Instructions to follow:
In the material below, find the line with "My name is Courtney" and the line with "Okay there are", then output those two lines and every line between them, exactly.

Excerpted records:
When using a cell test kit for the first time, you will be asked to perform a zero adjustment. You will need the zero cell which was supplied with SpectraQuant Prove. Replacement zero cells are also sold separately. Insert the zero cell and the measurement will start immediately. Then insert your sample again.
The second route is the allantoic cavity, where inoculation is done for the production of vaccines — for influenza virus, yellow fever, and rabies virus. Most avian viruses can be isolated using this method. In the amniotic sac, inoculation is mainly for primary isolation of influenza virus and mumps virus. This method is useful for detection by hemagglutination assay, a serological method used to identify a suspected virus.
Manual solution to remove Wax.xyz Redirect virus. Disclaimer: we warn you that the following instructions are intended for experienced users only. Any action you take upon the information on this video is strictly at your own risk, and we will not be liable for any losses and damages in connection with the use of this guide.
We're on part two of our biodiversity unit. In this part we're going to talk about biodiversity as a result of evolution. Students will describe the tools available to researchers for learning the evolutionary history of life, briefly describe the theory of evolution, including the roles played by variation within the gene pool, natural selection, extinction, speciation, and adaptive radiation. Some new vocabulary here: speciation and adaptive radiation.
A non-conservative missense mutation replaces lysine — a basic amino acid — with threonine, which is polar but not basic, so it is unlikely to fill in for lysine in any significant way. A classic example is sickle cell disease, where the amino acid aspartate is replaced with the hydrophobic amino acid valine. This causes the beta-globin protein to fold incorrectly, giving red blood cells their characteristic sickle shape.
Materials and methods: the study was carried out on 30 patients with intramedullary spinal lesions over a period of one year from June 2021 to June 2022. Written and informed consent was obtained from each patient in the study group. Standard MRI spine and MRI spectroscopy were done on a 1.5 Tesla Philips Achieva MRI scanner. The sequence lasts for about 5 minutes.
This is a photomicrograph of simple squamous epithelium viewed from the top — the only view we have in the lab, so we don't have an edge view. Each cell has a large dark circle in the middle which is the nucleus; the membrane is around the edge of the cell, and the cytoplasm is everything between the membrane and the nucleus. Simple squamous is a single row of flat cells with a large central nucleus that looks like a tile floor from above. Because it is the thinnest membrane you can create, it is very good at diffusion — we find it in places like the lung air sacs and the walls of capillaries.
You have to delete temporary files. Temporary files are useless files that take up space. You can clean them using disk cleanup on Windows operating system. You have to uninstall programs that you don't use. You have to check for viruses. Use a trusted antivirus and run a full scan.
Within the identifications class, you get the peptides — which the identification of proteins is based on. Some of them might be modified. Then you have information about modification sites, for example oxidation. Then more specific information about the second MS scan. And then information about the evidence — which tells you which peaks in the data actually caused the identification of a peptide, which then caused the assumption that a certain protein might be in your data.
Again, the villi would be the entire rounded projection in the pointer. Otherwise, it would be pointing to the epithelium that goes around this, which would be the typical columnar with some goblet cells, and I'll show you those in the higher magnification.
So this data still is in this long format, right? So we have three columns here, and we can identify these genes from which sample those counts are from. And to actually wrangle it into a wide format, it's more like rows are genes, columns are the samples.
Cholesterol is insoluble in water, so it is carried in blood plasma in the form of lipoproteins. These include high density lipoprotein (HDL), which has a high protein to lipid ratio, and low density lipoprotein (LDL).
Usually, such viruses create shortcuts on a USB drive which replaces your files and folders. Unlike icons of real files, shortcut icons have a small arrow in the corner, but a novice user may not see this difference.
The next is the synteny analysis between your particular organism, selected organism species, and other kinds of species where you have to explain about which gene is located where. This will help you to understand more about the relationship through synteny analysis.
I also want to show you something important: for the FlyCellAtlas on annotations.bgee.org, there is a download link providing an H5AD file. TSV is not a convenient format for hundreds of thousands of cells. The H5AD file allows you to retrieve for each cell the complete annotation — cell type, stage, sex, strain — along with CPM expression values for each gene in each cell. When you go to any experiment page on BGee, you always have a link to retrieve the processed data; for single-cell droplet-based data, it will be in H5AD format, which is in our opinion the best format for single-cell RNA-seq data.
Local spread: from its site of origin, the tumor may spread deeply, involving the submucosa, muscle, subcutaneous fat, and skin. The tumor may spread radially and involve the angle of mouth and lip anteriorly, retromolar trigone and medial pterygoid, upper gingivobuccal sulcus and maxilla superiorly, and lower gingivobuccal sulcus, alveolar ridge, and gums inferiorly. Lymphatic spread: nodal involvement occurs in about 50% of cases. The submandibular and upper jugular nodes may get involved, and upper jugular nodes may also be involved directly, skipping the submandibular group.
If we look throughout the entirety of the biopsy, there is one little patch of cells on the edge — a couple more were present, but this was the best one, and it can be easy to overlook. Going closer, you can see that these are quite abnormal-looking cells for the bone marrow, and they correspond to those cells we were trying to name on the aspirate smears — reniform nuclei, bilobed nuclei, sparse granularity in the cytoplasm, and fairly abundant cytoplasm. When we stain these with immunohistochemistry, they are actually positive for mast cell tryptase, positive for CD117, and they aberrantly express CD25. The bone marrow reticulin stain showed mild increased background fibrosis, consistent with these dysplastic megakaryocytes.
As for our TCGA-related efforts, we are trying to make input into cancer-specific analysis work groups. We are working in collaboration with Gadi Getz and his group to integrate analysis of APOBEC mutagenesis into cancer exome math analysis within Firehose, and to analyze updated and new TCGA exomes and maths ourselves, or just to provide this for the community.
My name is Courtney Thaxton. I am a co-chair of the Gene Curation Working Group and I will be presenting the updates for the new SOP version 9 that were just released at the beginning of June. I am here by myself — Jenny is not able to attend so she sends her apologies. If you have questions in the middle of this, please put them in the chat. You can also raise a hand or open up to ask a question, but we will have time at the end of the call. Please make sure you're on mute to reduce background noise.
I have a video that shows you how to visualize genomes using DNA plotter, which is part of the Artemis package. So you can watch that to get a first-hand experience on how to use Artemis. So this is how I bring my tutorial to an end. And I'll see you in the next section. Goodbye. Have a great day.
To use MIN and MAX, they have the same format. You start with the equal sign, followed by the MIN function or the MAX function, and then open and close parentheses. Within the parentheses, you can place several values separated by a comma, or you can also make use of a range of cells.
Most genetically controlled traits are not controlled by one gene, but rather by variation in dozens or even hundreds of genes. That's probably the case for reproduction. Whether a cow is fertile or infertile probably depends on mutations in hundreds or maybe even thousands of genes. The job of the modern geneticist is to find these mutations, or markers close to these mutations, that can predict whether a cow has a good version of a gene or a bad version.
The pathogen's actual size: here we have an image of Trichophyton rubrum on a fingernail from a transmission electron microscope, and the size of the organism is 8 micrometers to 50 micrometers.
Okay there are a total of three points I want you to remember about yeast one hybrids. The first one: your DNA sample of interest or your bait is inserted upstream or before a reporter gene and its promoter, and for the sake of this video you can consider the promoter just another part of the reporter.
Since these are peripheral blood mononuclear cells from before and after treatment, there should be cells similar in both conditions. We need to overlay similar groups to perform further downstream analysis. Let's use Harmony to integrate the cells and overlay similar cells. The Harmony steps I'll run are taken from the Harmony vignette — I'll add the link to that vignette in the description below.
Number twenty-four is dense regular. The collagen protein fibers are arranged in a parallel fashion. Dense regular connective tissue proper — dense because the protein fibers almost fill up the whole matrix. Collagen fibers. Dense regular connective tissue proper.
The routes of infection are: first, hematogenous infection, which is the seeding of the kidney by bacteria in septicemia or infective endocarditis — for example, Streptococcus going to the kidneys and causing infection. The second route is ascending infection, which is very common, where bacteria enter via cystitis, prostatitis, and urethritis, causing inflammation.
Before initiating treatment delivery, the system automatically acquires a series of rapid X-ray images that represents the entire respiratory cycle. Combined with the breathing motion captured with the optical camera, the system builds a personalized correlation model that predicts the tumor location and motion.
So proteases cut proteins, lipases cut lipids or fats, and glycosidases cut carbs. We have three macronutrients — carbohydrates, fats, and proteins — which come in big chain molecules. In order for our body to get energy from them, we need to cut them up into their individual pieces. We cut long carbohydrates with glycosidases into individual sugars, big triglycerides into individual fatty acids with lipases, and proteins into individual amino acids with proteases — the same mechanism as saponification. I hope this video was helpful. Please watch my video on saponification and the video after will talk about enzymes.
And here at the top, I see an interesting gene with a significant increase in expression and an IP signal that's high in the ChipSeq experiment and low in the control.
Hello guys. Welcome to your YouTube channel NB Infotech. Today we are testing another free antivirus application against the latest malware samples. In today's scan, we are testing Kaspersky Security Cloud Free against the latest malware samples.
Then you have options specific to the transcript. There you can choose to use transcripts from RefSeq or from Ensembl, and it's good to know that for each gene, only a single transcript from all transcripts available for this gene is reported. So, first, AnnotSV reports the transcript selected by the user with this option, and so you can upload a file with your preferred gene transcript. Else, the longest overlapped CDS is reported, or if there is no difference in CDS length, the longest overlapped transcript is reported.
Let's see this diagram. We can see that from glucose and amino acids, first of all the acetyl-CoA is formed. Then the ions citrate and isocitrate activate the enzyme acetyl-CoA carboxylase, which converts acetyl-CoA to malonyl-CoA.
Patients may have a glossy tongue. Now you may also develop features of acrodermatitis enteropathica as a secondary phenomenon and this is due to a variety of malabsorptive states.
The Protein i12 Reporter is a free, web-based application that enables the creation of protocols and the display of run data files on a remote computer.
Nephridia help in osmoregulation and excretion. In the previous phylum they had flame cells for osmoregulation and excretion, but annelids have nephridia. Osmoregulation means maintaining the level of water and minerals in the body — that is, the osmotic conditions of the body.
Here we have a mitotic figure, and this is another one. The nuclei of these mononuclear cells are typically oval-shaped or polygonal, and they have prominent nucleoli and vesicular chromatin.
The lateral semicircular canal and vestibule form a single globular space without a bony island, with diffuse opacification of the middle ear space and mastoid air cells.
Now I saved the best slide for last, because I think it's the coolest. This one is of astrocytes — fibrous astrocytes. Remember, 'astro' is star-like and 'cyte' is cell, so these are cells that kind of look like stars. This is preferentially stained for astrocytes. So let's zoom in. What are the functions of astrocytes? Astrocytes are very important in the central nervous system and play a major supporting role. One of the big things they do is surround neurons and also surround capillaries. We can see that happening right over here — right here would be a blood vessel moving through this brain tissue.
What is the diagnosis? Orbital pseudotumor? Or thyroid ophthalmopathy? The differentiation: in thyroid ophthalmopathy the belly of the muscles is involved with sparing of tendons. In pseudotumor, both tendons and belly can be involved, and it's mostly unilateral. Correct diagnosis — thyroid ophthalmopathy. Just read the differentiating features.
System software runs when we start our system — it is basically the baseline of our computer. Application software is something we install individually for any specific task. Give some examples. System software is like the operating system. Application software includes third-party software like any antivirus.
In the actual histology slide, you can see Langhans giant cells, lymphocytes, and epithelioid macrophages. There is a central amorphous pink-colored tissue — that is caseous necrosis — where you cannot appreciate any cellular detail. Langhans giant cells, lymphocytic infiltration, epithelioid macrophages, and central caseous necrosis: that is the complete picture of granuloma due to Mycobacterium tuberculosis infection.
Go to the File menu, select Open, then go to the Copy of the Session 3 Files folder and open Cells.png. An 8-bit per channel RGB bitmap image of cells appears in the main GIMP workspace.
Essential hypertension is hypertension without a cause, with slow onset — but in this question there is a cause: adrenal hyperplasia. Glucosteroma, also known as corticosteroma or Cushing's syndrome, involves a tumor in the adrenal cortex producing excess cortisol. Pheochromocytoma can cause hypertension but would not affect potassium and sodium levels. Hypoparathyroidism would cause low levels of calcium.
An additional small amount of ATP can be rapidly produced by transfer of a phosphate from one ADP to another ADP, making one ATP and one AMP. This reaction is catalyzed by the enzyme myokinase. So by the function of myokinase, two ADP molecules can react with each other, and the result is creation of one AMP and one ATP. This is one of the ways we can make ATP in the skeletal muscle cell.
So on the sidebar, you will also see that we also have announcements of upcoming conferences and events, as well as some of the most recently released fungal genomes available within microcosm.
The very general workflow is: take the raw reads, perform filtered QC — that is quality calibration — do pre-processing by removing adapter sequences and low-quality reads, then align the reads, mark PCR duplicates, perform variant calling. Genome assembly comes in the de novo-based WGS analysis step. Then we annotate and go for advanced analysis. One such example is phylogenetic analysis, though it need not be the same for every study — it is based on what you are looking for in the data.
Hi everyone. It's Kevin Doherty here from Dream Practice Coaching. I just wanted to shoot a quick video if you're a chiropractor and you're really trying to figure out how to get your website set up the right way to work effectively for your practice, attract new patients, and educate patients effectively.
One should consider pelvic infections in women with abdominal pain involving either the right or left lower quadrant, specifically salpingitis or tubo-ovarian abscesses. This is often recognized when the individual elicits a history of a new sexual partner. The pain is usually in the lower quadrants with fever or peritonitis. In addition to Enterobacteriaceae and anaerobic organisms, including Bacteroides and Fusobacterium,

Output below:
My name is Courtney Thaxton. I am a co-chair of the Gene Curation Working Group and I will be presenting the updates for the new SOP version 9 that were just released at the beginning of June. I am here by myself — Jenny is not able to attend so she sends her apologies. If you have questions in the middle of this, please put them in the chat. You can also raise a hand or open up to ask a question, but we will have time at the end of the call. Please make sure you're on mute to reduce background noise.
I have a video that shows you how to visualize genomes using DNA plotter, which is part of the Artemis package. So you can watch that to get a first-hand experience on how to use Artemis. So this is how I bring my tutorial to an end. And I'll see you in the next section. Goodbye. Have a great day.
To use MIN and MAX, they have the same format. You start with the equal sign, followed by the MIN function or the MAX function, and then open and close parentheses. Within the parentheses, you can place several values separated by a comma, or you can also make use of a range of cells.
Most genetically controlled traits are not controlled by one gene, but rather by variation in dozens or even hundreds of genes. That's probably the case for reproduction. Whether a cow is fertile or infertile probably depends on mutations in hundreds or maybe even thousands of genes. The job of the modern geneticist is to find these mutations, or markers close to these mutations, that can predict whether a cow has a good version of a gene or a bad version.
The pathogen's actual size: here we have an image of Trichophyton rubrum on a fingernail from a transmission electron microscope, and the size of the organism is 8 micrometers to 50 micrometers.
Okay there are a total of three points I want you to remember about yeast one hybrids. The first one: your DNA sample of interest or your bait is inserted upstream or before a reporter gene and its promoter, and for the sake of this video you can consider the promoter just another part of the reporter.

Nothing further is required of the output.